• [THE DATA]
==*==
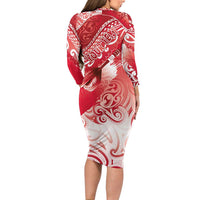 Personalised New Zealand Aotearoa Darts Masters Long Sleeve Bodycon Dress Maori Art Tattoo with Tribal Dart Symbol Red - Polynesian Pride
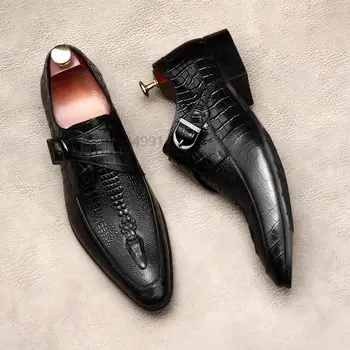 Роскошные мужские туфли из натуральной кожи с ремешком Монаха, черные Лоферы с крокодиловым узором на кончике крыла, мужские модельные туфли, Свадебные офисные туфли, мужские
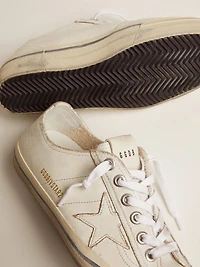 Men's V-Star in white leather with white star and light blue stripe on the foxing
==*==
Word for word, quote the full listing, omitting every picture.

• [OUTPUT]
 Personalised New Zealand Aotearoa Darts Masters Long Sleeve Bodycon Dress Maori Art Tattoo with Tribal Dart Symbol Red - Polynesian Pride
 Роскошные мужские туфли из натуральной кожи с ремешком Монаха, черные Лоферы с крокодиловым узором на кончике крыла, мужские модельные туфли, Свадебные офисные туфли, мужские
 Men's V-Star in white leather with white star and light blue stripe on the foxing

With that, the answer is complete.